[RECORDS SUPPLIED]
============================================================
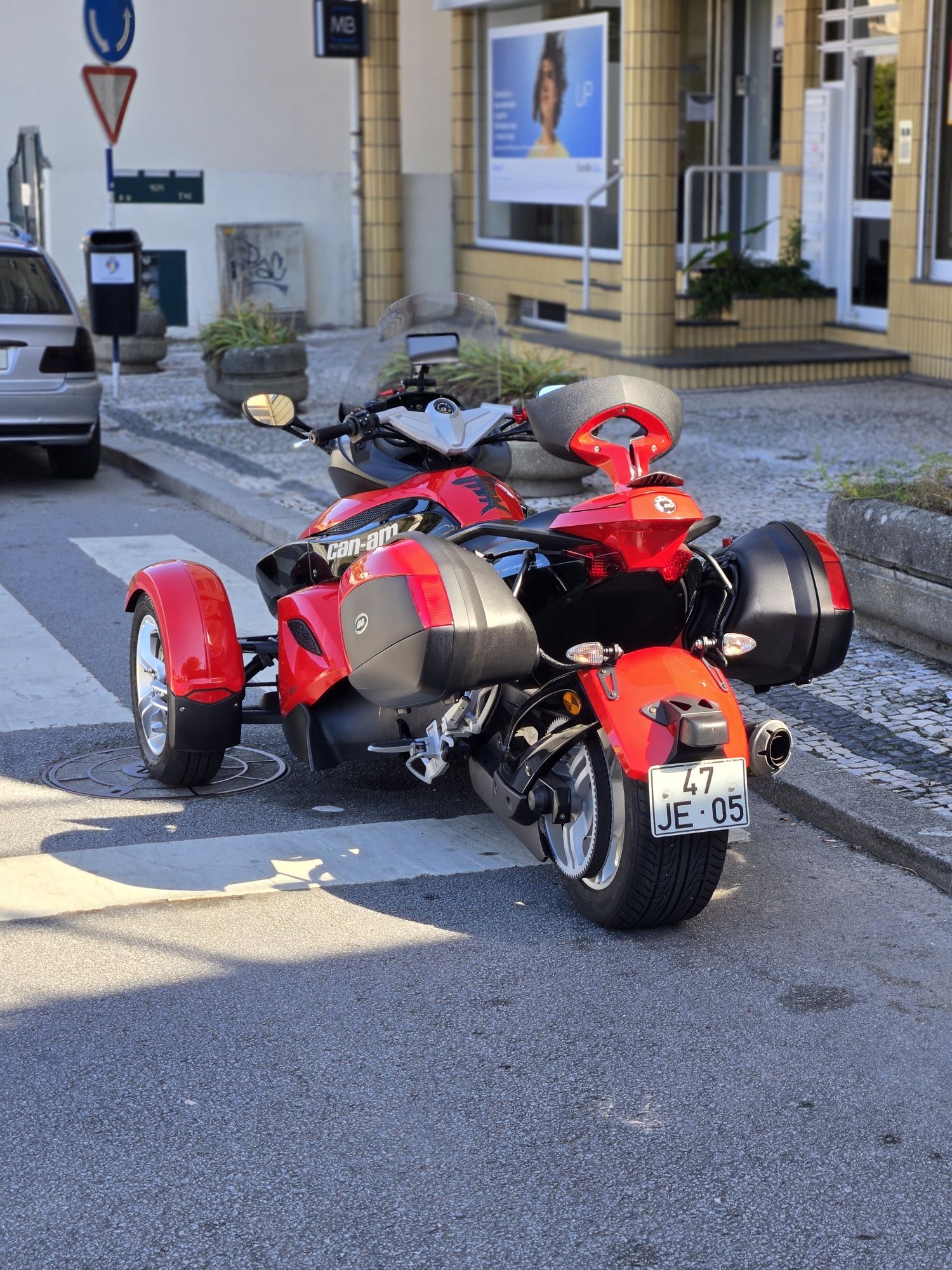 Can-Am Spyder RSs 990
============================================================
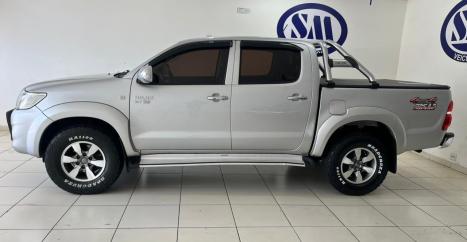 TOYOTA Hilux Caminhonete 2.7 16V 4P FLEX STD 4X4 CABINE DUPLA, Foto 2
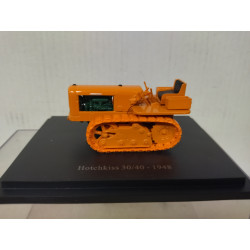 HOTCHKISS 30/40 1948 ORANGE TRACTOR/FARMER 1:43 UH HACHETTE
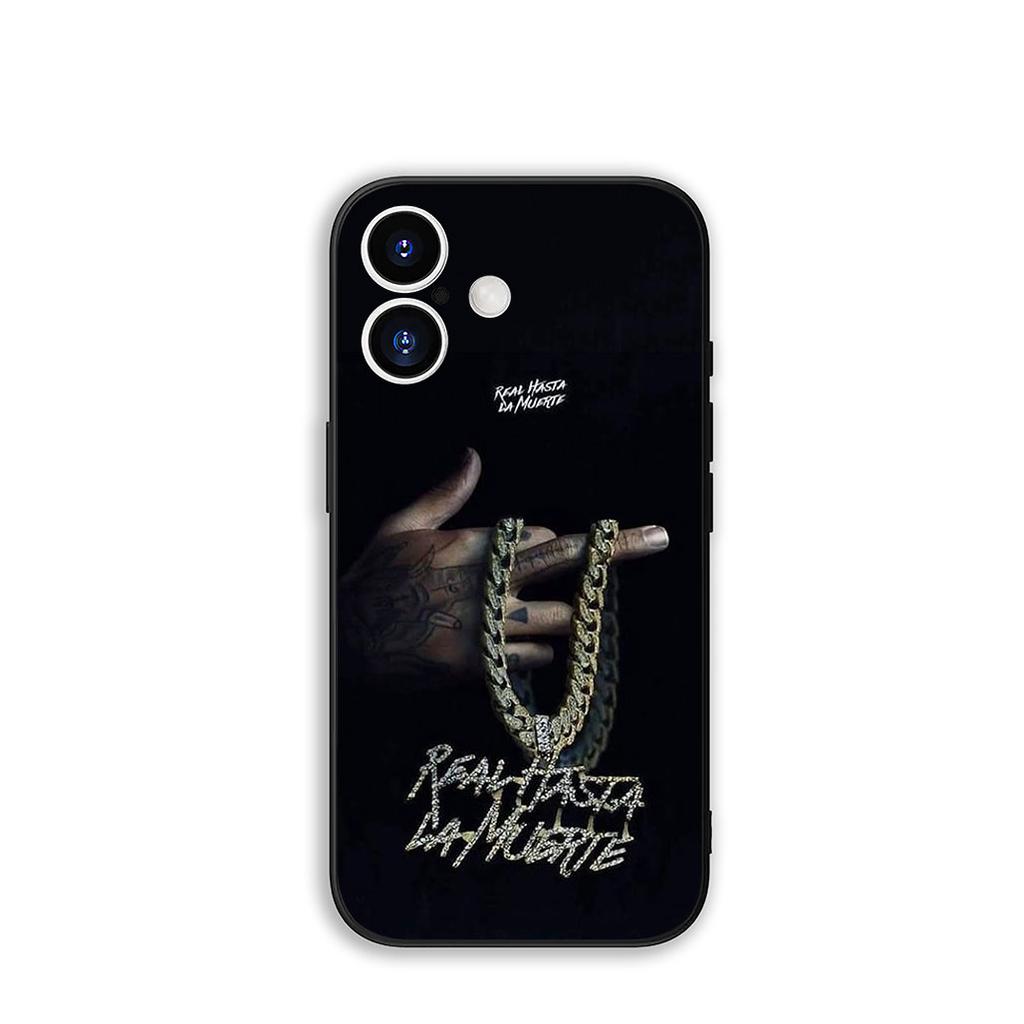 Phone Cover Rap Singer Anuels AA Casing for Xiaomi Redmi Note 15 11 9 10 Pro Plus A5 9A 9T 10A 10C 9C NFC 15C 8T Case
============================================================
[TASK TO COMPLETE] The answer must be the part of the records that opens with the line containing "TOYOTA Hilux Caminhonete" and closes with the line containing "Phone Cover Rap", reproduced exactly, with no pictures.

[SOLUTION TO THIS TASK]
 TOYOTA Hilux Caminhonete 2.7 16V 4P FLEX STD 4X4 CABINE DUPLA, Foto 2
 HOTCHKISS 30/40 1948 ORANGE TRACTOR/FARMER 1:43 UH HACHETTE
 Phone Cover Rap Singer Anuels AA Casing for Xiaomi Redmi Note 15 11 9 10 Pro Plus A5 9A 9T 10A 10C 9C NFC 15C 8T Case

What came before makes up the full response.